PROVIDED RECORDS:
____________

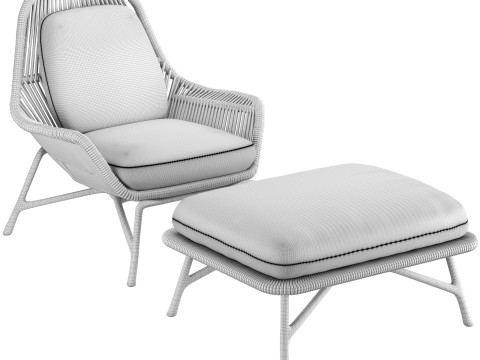Prince Cord Indoor Amchair 3D Model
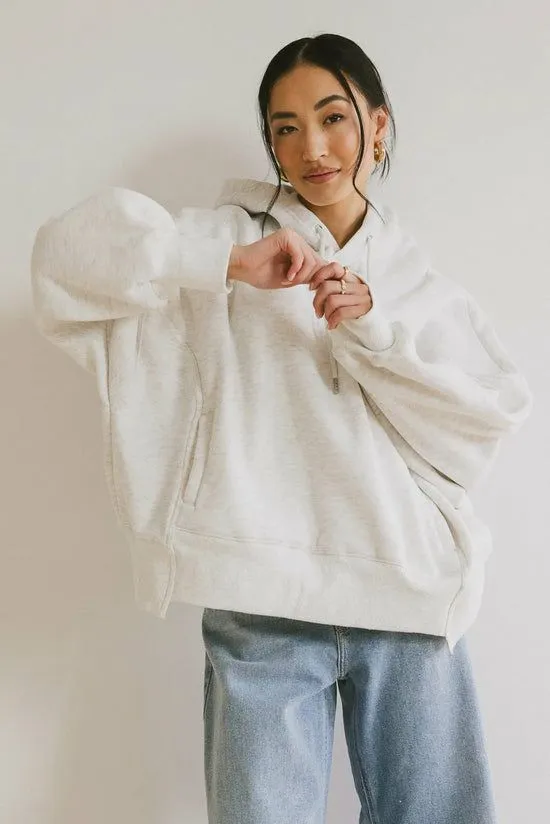 Bohme Andie Oversized Hoodie In Grey Grey Women Sweaters
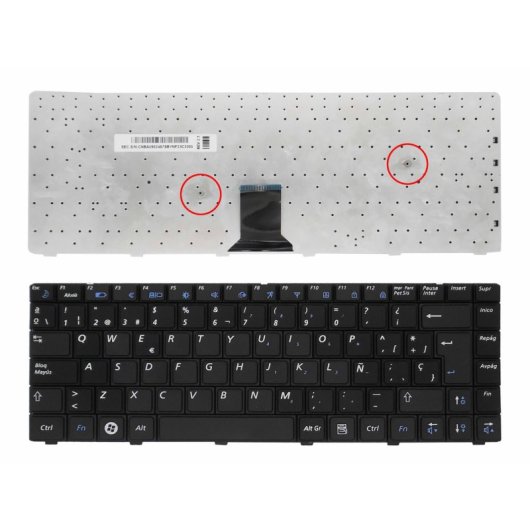 Teclado para portátil Samsung NP-R522 NP-R520 R520 R522 espanhol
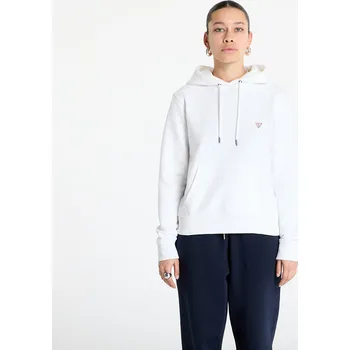 Dámská mikina Mikina Guess JEANS Hood Reg Mini Triang Sweat Pure White S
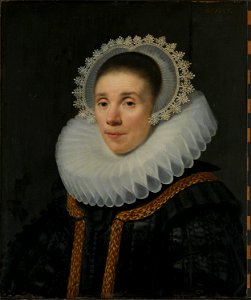 Jan van Ravesteyn - Portrait of a Woman - NG.M.00008 - National Museum of Art, Architecture and Design. Free illustration for personal and commercial use.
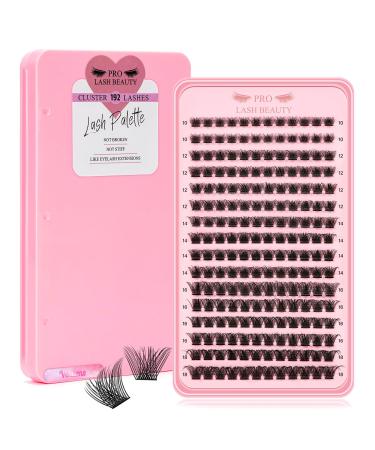 Lash Clusters 192 Pcs Individual Cluster Lashes DIY Lash Extension 8-16mm Eyelash Clusters Volume Wispy Lashes Super Thin Band Reusable Soft & Comfortable(Volume C-Mix) 8-16mix(192PCS)C Curl Volume - Buy Online on GoSupps.com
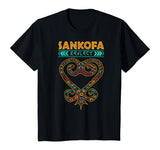 Sankofa African Heart Symbol for Black History Month T-Shirt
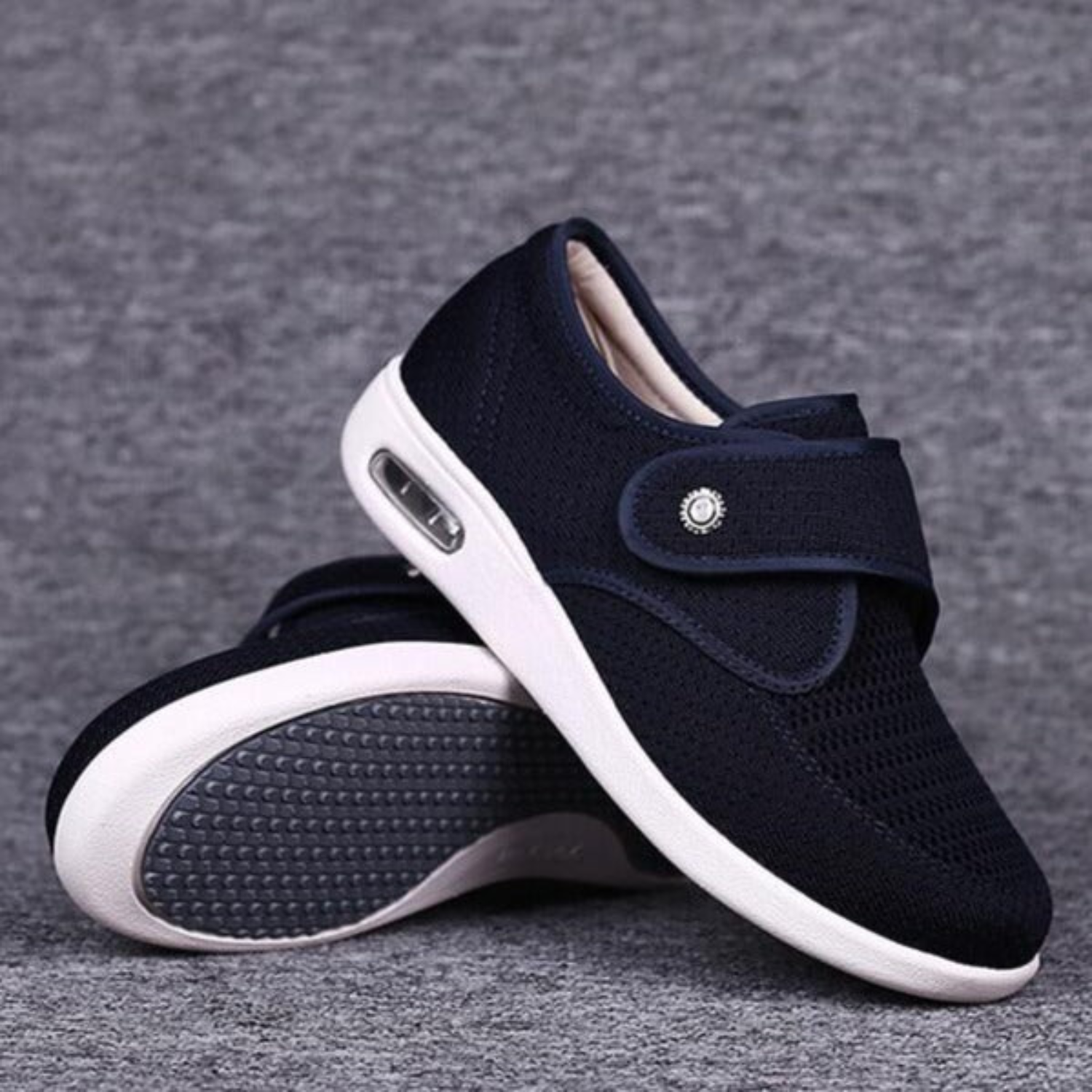 Zapatos mujer | cierre velcro y diseño slip-on ancho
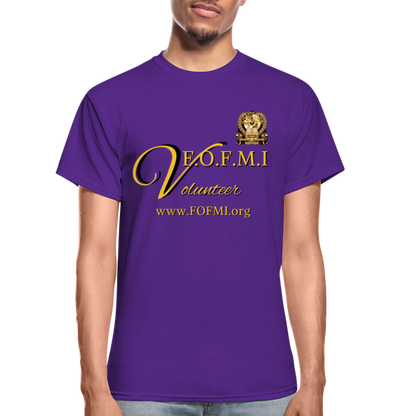 FOFMI Volunteer Team Adult T-Shirt (Purple) - purple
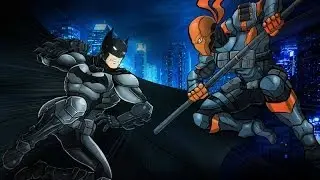 [моменты] первый бой с Deathstroke (Batman Arkham Origins)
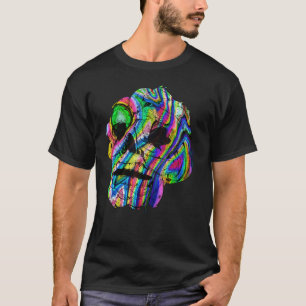 Vissen Karper Vis Schedel Tye Dye Karper Visse T-shirt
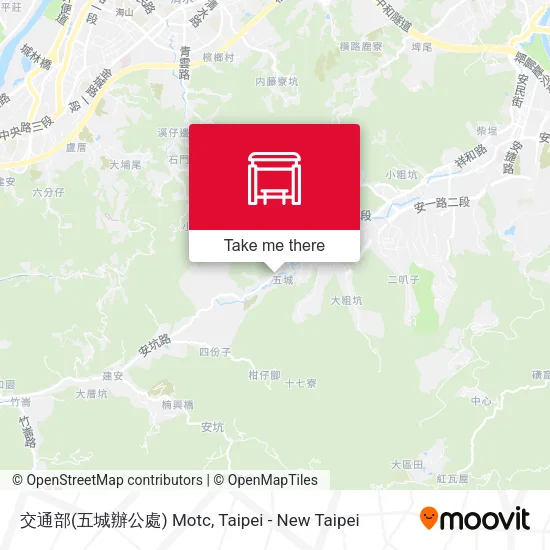 交通部(五城辦公處) Motc map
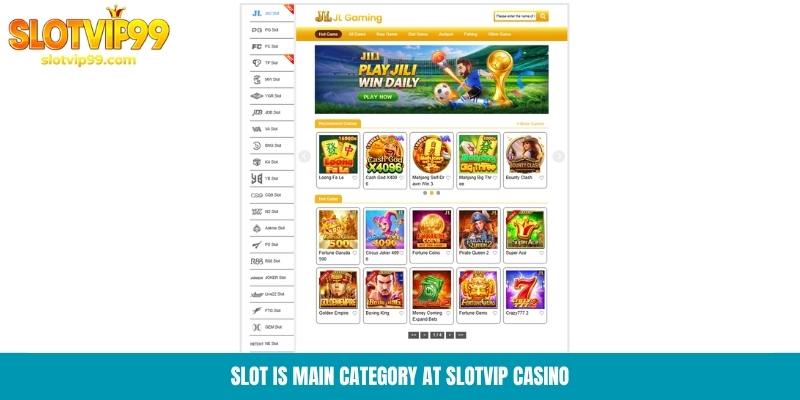 Slotvip Slot is main category at Slotvip casino
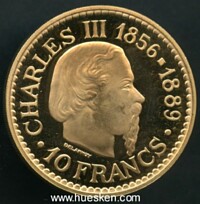 10 FRANCS 1966 CHARLES III.
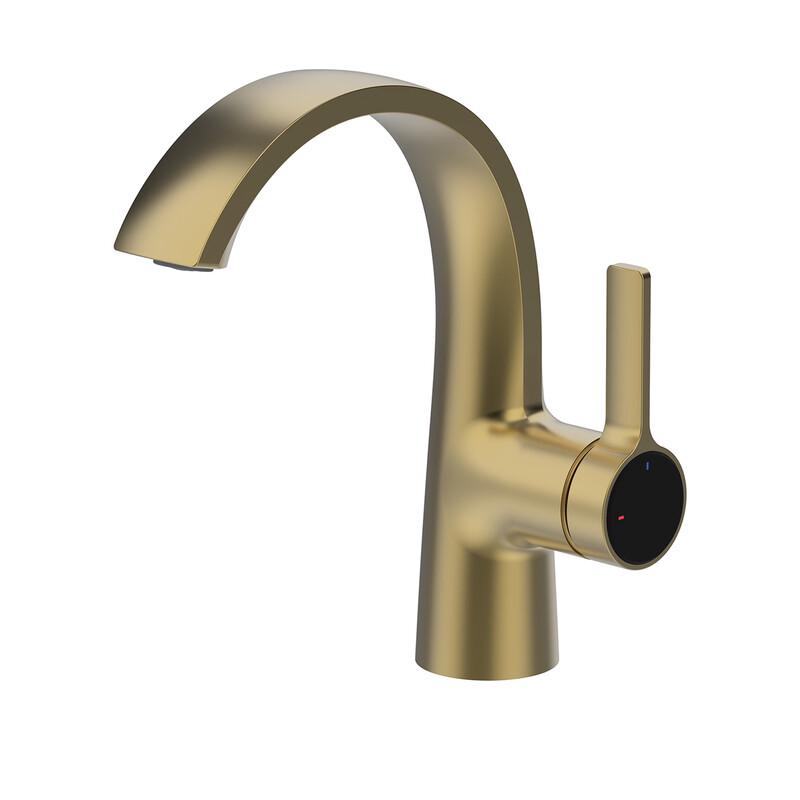 SHKL 1281 Brushed Gold Basin Faucet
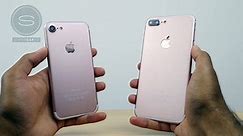 iPhone 7 vs 7 Plus Unboxing (Prototype)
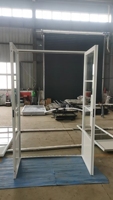 Porte battante moderne en acier et verre pour entrée de bureau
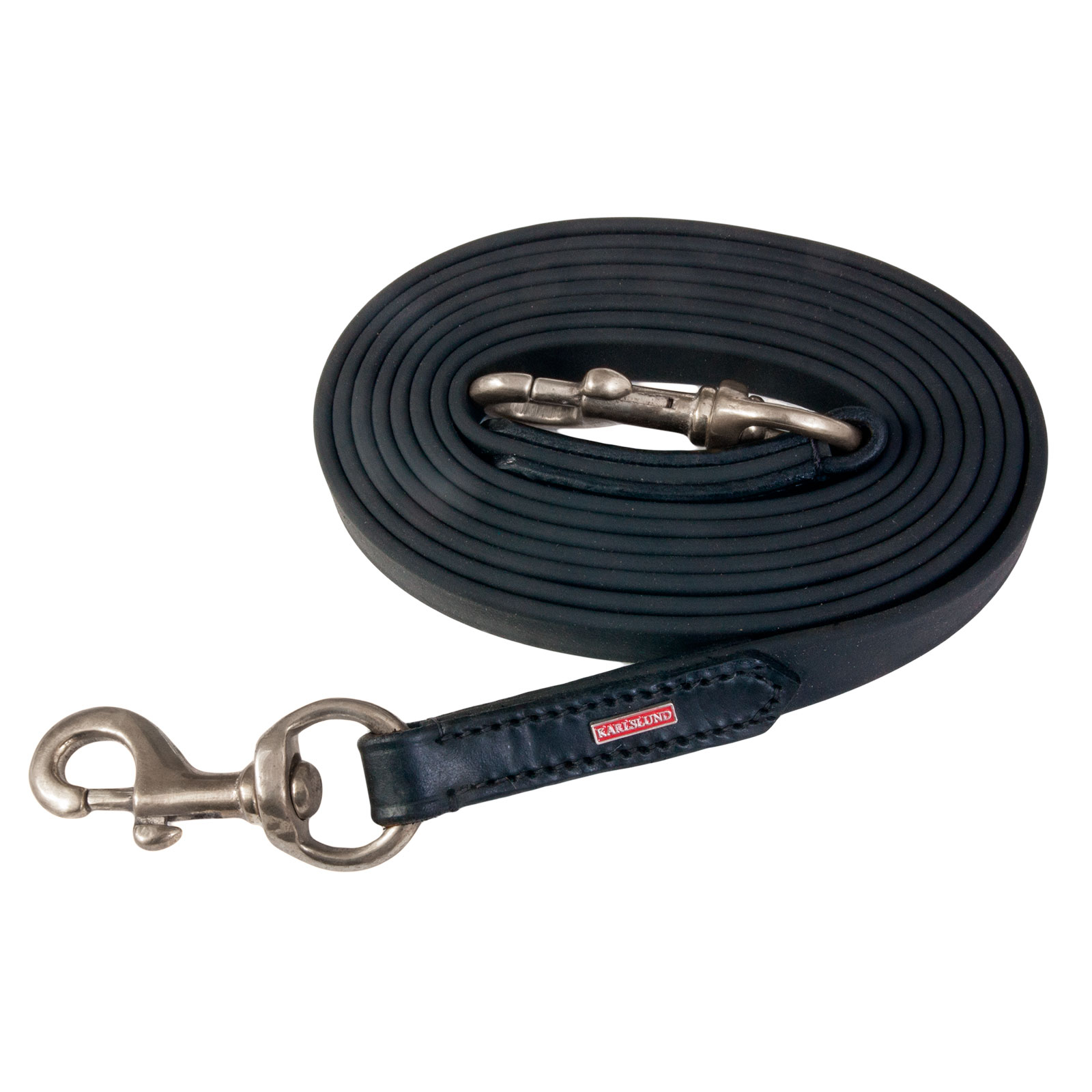 Black/Chrome Karlslund BioThane reins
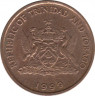 Монета. Тринидад и Тобаго. 5 центов 1999 год. ав.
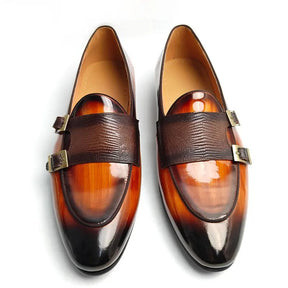 Sapato Masculino Monk Strap Verona Em Couro Legítimo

____________

WHAT TO PRODUCE: Your response must reproduce the listing above word for word and must contain none of its pictures.

EXERCISE OUTPUT:
Prince Cord Indoor Amchair 3D Model
 Bohme Andie Oversized Hoodie In Grey Grey Women Sweaters
 Teclado para portátil Samsung NP-R522 NP-R520 R520 R522 espanhol
 Dámská mikina Mikina Guess JEANS Hood Reg Mini Triang Sweat Pure White S
 Jan van Ravesteyn - Portrait of a Woman - NG.M.00008 - National Museum of Art, Architecture and Design. Free illustration for personal and commercial use.
 Lash Clusters 192 Pcs Individual Cluster Lashes DIY Lash Extension 8-16mm Eyelash Clusters Volume Wispy Lashes Super Thin Band Reusable Soft & Comfortable(Volume C-Mix) 8-16mix(192PCS)C Curl Volume - Buy Online on GoSupps.com
 Sankofa African Heart Symbol for Black History Month T-Shirt
 Zapatos mujer | cierre velcro y diseño slip-on ancho
 FOFMI Volunteer Team Adult T-Shirt (Purple) - purple
 [моменты] первый бой с Deathstroke (Batman Arkham Origins)
 Vissen Karper Vis Schedel Tye Dye Karper Visse T-shirt
 交通部(五城辦公處) Motc map
 Slotvip Slot is main category at Slotvip casino
 10 FRANCS 1966 CHARLES III.
 SHKL 1281 Brushed Gold Basin Faucet
 iPhone 7 vs 7 Plus Unboxing (Prototype)
 Porte battante moderne en acier et verre pour entrée de bureau
 Black/Chrome Karlslund BioThane reins
 Монета. Тринидад и Тобаго. 5 центов 1999 год. ав.
 Sapato Masculino Monk Strap Verona Em Couro Legítimo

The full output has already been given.